What needs to be done: Among the entries below, only the lines from the one with "Sequoia Sanctuary - Accommodation" through the one with "203 E Belle, Bakersfield, California" are wanted, reproduced exactly. Pictures are not wanted.

Available data:
--- START ---

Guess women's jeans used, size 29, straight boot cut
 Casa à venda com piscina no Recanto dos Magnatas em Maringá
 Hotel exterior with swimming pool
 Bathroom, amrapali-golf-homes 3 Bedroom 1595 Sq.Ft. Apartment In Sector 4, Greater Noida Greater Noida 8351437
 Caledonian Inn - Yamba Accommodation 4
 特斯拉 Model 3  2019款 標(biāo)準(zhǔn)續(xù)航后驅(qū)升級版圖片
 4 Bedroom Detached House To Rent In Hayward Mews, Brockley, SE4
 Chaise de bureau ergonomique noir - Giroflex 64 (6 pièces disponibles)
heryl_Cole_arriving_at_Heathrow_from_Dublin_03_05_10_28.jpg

--- END ---
--- START ---

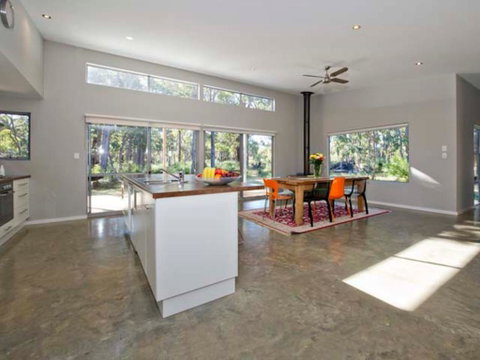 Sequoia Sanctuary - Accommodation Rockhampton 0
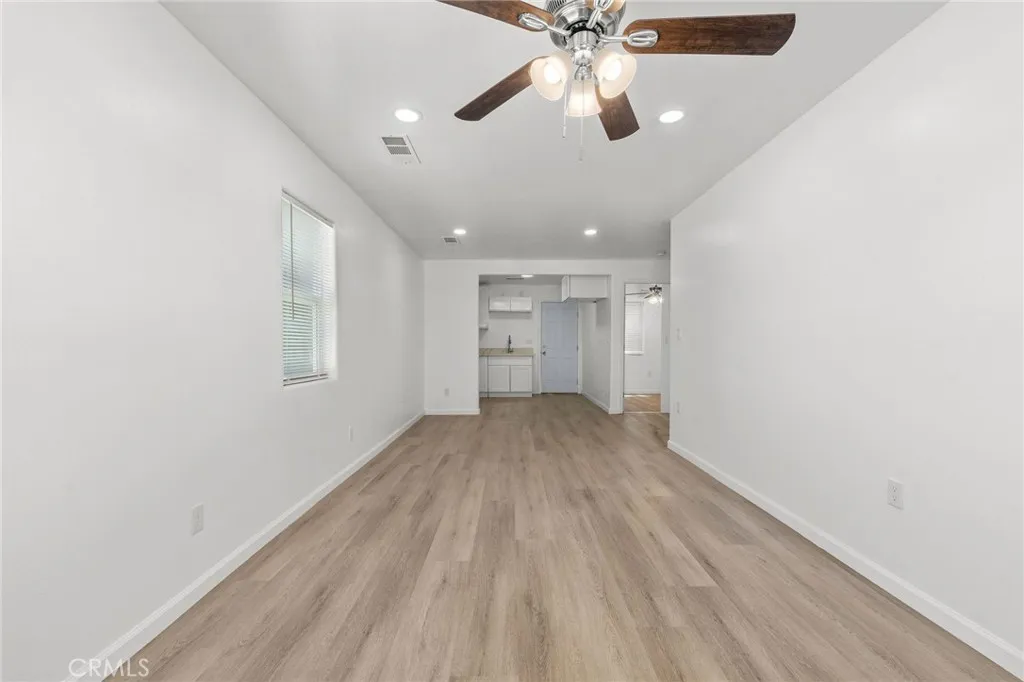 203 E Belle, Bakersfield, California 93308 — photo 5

--- END ---
--- START ---

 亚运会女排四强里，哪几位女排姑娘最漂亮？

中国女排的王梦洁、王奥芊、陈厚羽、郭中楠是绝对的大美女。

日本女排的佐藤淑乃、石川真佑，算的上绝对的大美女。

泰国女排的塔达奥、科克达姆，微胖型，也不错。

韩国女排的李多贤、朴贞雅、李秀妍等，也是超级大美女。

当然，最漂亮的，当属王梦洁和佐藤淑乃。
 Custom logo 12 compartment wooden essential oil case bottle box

--- END ---

Result for this exercise:
 Sequoia Sanctuary - Accommodation Rockhampton 0
 203 E Belle, Bakersfield, California 93308 — photo 5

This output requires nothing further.